After the Revolution, Connecticut gave up its claim to the Susquehannah region of Pennsylvania in return for a grant by Congress to the Western Reserve, three million acres extending halfway across Ohio. A portion of the Reserve was set aside to compensate residents of Danbury, Fairfield, New Haven, New London, and Norwalk, who had suffered property damage from the British during the Revolution. The rest of the Reserve was sold for $1.2 million to Oliver Phelps (1749-1809), a land speculator who already owned more land than any individual in North America. Phelps and his associates organized the Connecticut Land Company, setting aside an endowment fund for education and arranging to survey the new acquisition. In 1796, Moses Cleavelend of Canterbury and a party of fifty conducted the survey, selecting an attractive spot near the junction of the Cuyahoga River and Lake Erie for the chief settlement of the Reserve. He set off a ten-acre public square, divided the town into lots, and thus established the town that was named for him.

Emigrants from Connecticut to the Western Reserve in the 1790s and early 1800s suffered hardships in isolated cabins set in the wilderness. Roads were primitive, and markets for produce were few. But after the War of 1812, as the Indians withdrew and markets developed, a tide of pioneers set out for the Reserve. Advertisements gave glowing descriptions of the new country, and land agents offered easy terms for purchase. More than thirty Connecticut town names were transplanted to Ohio. The exodus limited Connecticut's population growth to one-seventh that of the United States as a whole.

Despite the concern of Connecticut officials, the tide of emigration to Ohio swelled. Middlebury was founded by Captain Joseph Hart of Wallingford. Twinsburgh got its name from twin brothers, Aaron and Moses Wilcox from North Killingsworth. David Hudson of Goshen named an Ohio town after himself and built a Congregational church and a schoolhouse for the growing community. Among the early settlers of Hudson was Owen Brown of Torrington, who established a tannery where his son John worked for twelve years; his son, John Brown (1800-1859), would achieve national attention for his activities on the eve of the Civil War. At Hudson in 1826 the college that became Western Reserve University was founded on the model of Yale.

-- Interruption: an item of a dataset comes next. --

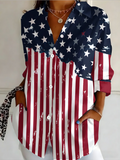 Women's Long Sleeve Shirt Spring/Fall As Picture Independence Day (Flag) Buckle Shirt Collar Regular Sleeve Daily Going Out Casual Top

The migration continued beyond Ohio, but to a lesser extent. Indiana attracted few settlers from the East because the region was inhabited earlier by people from Kentucky, Tennessee and Virginia, who monopolized the territorial offices. Still, a few citizens from Connecticut put down their roots in the Hoosier state. Wolcottville, Indiana, was named for an influential settler, George Wolcott of Torrington. LaGrange and LaPorte counties attracted many Connecticut families. And Solon Robinson (1803-1880), born in Tolland, made his mark. He traveled west as a peddler, opened a store in the Indiana woods, and traded with immigrants and Indians. In 1836, he organized the Squatters' Union to protect the homesteads of five hundred settlers in Lake County. The union members received much publicity and were able to secure their land at government, not speculators', prices. Soon after, Robinson founded a national agricultural society which was instrumental in establishing the United States Department of Agriculture.

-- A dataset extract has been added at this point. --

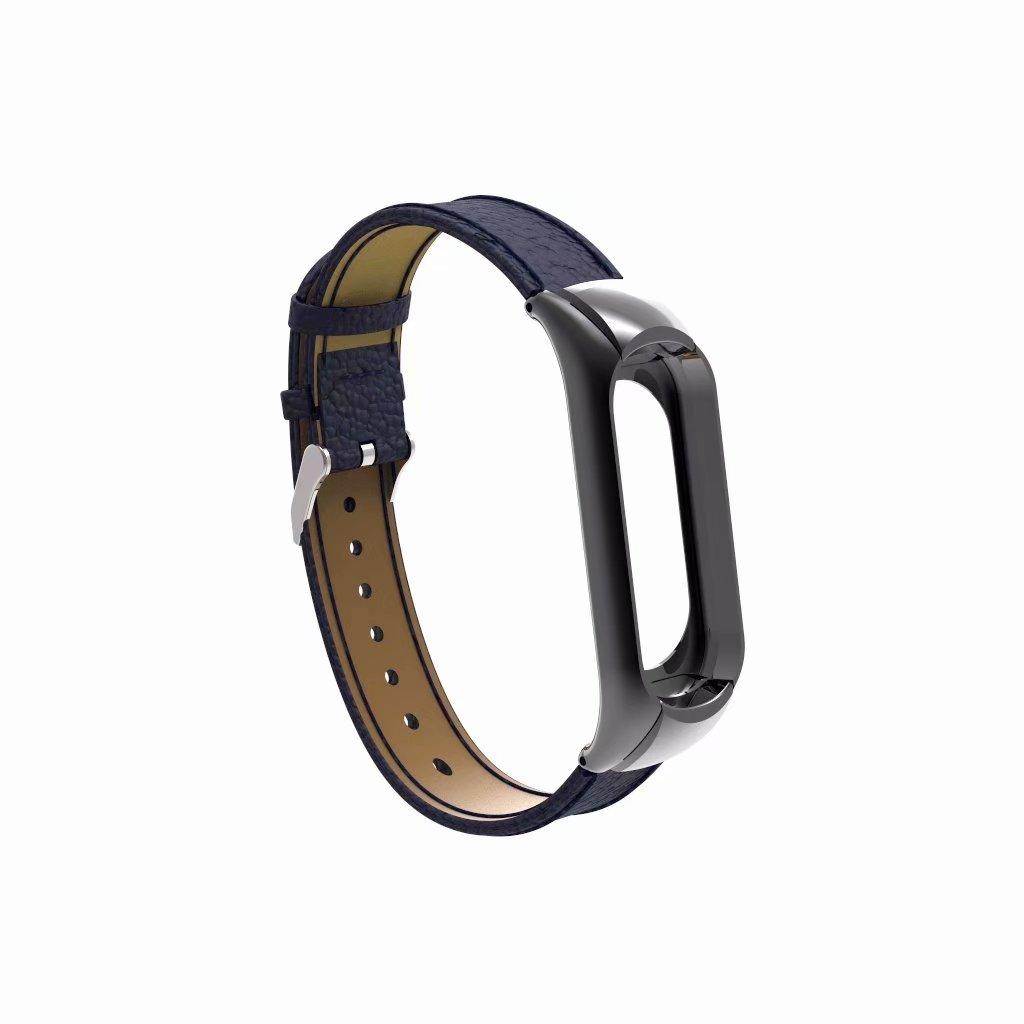 Bakeey Leather Strap with Metal Frame Replacement Wristband for Xiaomi Mi Band 3 Smart Bracelet Non-original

Indiana did not receive as many settlers from the East as did Illinois, Michigan and Wisconsin. In 1817, four Collins brothers from Litchfield settled Collinsville, near St. Loius, and established a sawmill, a gristmill, shops, and a distillery. When temperance tracts by Dr. Lyman Beecher (1775-1863), minister in their hometown, reached them, they abandoned the distillery. A few years later, their father came west to visit and remained to help establish Illinois College at Jacksonville. The school was headed by Edward Beecher (1803-1895), Lyman's son, who left his pulpit in Boston to work for abolition in his new post. Chicago was also influenced by Connecticut people, notably by Walter L. Newberry (1804-1868) of Windsor, who made a fortune buying and selling Chicago land and left much of his wealth to found the research library which bears his name.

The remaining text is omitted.